The causes of lack of execution often are multiple and varied, as are its remedies.  Successful, repeatable BI execution depends requires these capabilities:

  • Sufficient funding
  • Executive support
  • Sustained involvement in BI projects by the right business representatives
  • Use of a BI-specific development methodology
  • The right number of staff – which could be company employees or external – with the necessary BI skills
  • Project management skills and discipline
  • Change management skills

Common BI Problem # 5: Lack of BI Impact

In the fifth common BI problem, we see an all-too-common scenario:  the organization has invested in BI, and has one or more BI applications in place.  But it’s unclear exactly how the business benefits from having BI.  There is low utilization of deployed BI applications; in fact, some might not be being used at all.
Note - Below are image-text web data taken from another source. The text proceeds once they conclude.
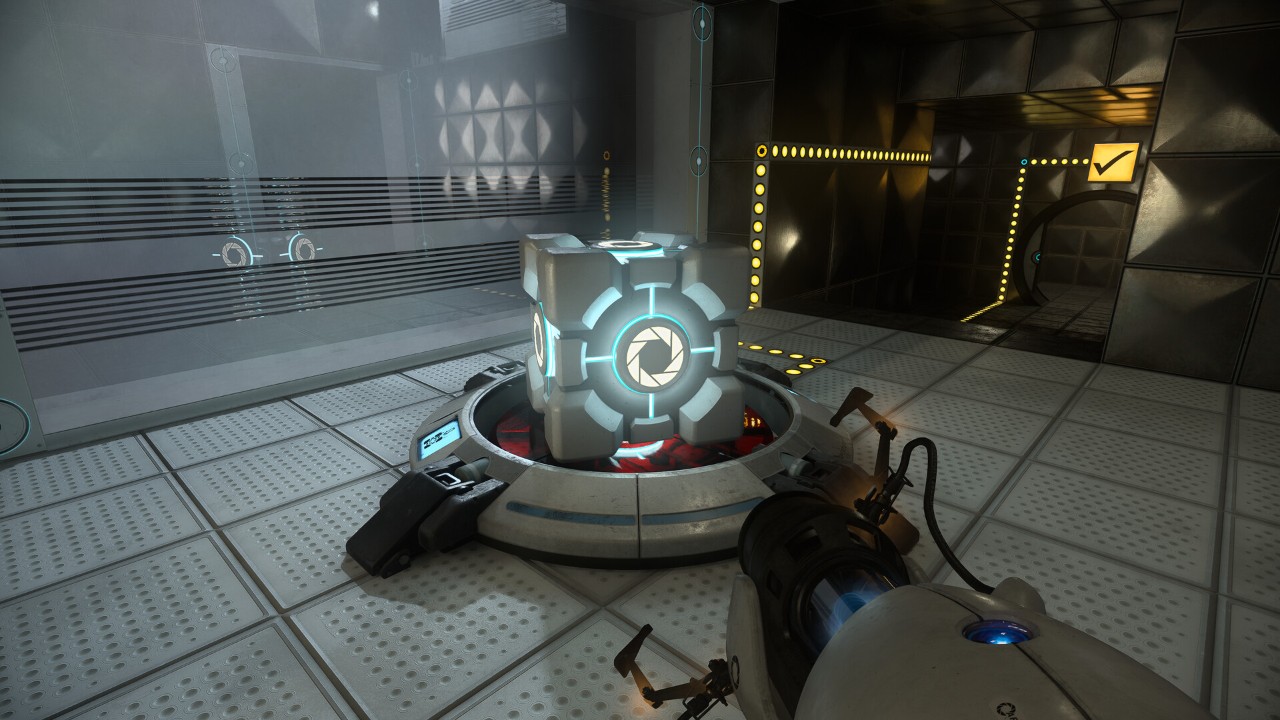 Portal with RTX 下载预览图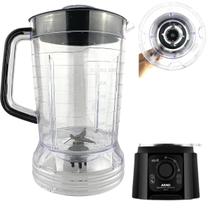Liquidificador Power Max 1000W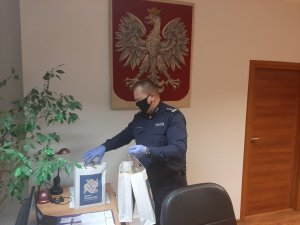 Komendant Powiatowy Policji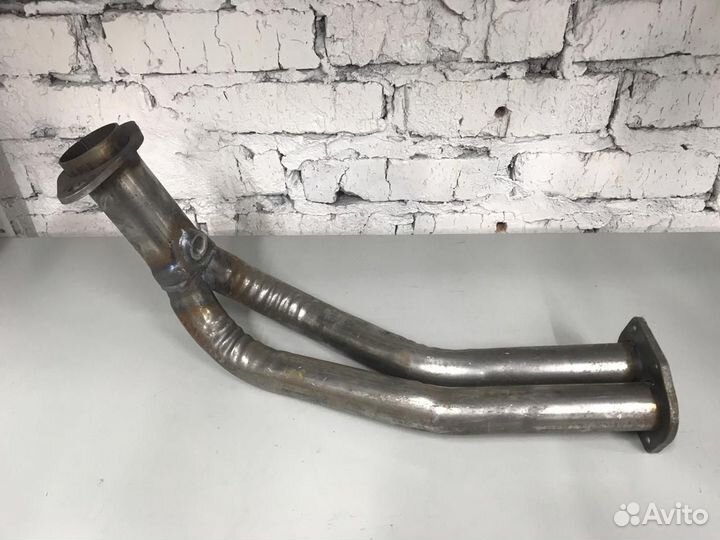 Штаны под датчик лямбда ваз 2109 2110 2114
We continually are surprised when we go into a new client how frequently it has a BI application that was developed and implemented with good intentions, but no one wound up using it.  The application continues to run in production, with the data being updated every night in batch and new reports generated, but no one can tell us who logs into the application or looks at its output.
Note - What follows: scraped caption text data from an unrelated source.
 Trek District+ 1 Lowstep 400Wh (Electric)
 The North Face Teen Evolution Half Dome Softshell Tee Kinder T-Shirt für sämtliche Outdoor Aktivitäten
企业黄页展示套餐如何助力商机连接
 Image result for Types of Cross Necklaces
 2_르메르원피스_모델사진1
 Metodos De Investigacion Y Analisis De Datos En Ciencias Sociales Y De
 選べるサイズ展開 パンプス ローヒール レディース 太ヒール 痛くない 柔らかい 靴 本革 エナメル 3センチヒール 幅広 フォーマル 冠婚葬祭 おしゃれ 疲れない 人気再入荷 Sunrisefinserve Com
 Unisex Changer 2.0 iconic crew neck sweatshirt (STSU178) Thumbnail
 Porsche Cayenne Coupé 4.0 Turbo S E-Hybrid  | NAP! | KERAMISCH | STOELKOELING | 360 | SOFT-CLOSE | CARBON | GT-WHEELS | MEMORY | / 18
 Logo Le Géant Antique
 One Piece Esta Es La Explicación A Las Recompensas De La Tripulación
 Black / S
Even if the BI application is being used, when we ask the question, “What business results are better as a result of the information this application provides?” all we get are blank looks.  Key decision-makers in the business do not use information from this system and might not even be aware that it exists; moreover, they have unmet needs for information, are not satisfied with what investments in BI have yielded the organization, and therefore are reluctant to approve any additional funding for BI.  (They might even want to pull the funding it already has, and redeploy that budget somewhere else.)

These symptoms:

  • Business value of BI investments not captured
  • Low utilization of deployed BI
  • No change in business results attributable to BI
  • Unsatisfied business users
  • BI funding in jeopardy

indicate lack of BI impact.  The organization has BI, but the questions “Who cares?” and “How does having BI matter?” don’t have clear answers.

It can be difficult to recover BI impact after the fact (i.e., after the BI application already is designed, built, and in production).  While the business benefits of BI lag the implementation of a BI application – because the information it provides must then be used by the business to make more informed decisions, which lead to better business results – the time to “engineer-in” those business benefits is at the very beginning of the system development lifecycle.  The requirements-gathering process for BI should explicitly link requirements for information to the business process(es) in which that information will be used, how it will be used, who will use it, and which KPIs and/or strategic objectives will be advanced by it.

Conclusion: Done Right, BI can have a Major Profit Impact

This recitation of common BI problems might cause you to lose heart and doubt the value of business intelligence.  Don’t be discouraged.  Yes, BI can be challenging to do well, but the potential business benefits make it worth the effort.  And the good news is that the common problems we have discussed have solutions proven through successful application in many organizations.  These solutions include:

  • Treatment of BI as a business and profit improvement initiative rather than an IT-centric undertaking
  • Focus on supporting key business objectives with better information embedded in specific business processes
  • Use of a BI-specific development methodology, such as DecisionPath’s BI Pathway method

Many organizations don’t possess the internal BI expertise necessary to recognize their BI challenges and leverage these solutions to prevent and overcome them, but with solid strategy and guidance, organizations can harness the power of BI for improved business results and demonstrable business value.